After readers contacted the Gazette to express concerns that this response was disproportionate and is not in line with other UK ferry operators, we asked CalMac to explain the basis of their policy, which involves deep cleaning of the whole vessel and complete crew changes.
However, the company’s bland reply was: “We, like many sectors, are seeing an increased impact of Covid. We continue to follow government guidance and health and safety protocols for the protection of customers and our staff.”
We replied that this was a “really poor response” which failed to address the questions asked or provide any detail of the guidance referred to. We then asked: “Is there Scottish Government guidance specific to ferries? Is so, what is it? Where can the public find it?”
The Gazette also asked: “Is there any limit to the policy of aborting services as soon as one case of Covid is found – and have you asked the Scottish Government for any updated guidance in the light of this latest episode and ‘an increased impact of Covid’?”

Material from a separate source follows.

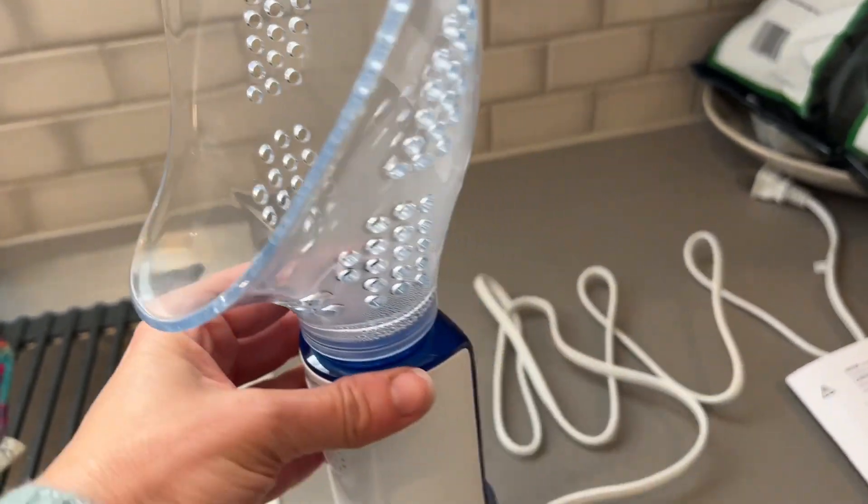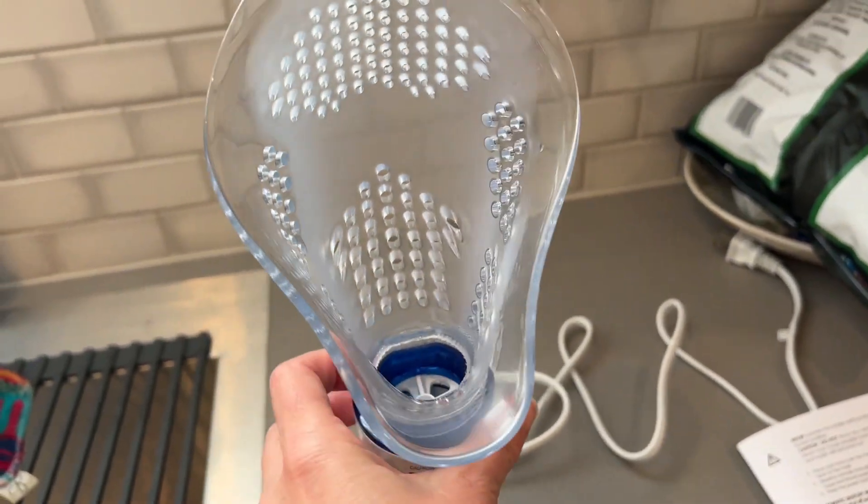I'm going to try this. It's a very strong menthol scent — it's going to clear up your sinuses right away. I can't really keep my face in this for very long. It says that you can put two vapor pads in this, but I think that would make me pass out.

Once again, the response contained no detail on the guidance referred to or direct answers to the specific questions asked. It merely stated: “We follow Scottish Government guidance to ensure the public health of the travelling public and staff. We are continually reviewing health and safety protocols”.
The Gazette also asked the Scottish Government if they could point us towards any guidance applicable to ferry operators and if there were any plans to update it in the light of increased case numbers, resulting in more cancellations on CalMac routes. We had not received a reply at time of going to press.
Our own research suggests that the only published guidance is to transport operators in general who are then left to make their own decisions about how they should apply broad principles of regard for public health and workforce safety.
It states: “The guidance is not mode specific as there are so many variables between individual transport modes and within each mode. Accordingly, each transport operator should translate the principles and examples in this guidance into specific actions pertinent to their operations”.
Given the rapid spread of the omicron variant, it is statistically likely that any CalMac ferry with 150 people on board will be carrying at least one positive case. However, there is no testing of passengers though they are advised to self-test before travelling
The guidance states: “This is a voluntary scheme and you will not need evidence of a negative test to travel to a Scottish island. However, we encourage you to participate in order to reduce the risk that you inadvertently carry coronavirus into one of our island communities”.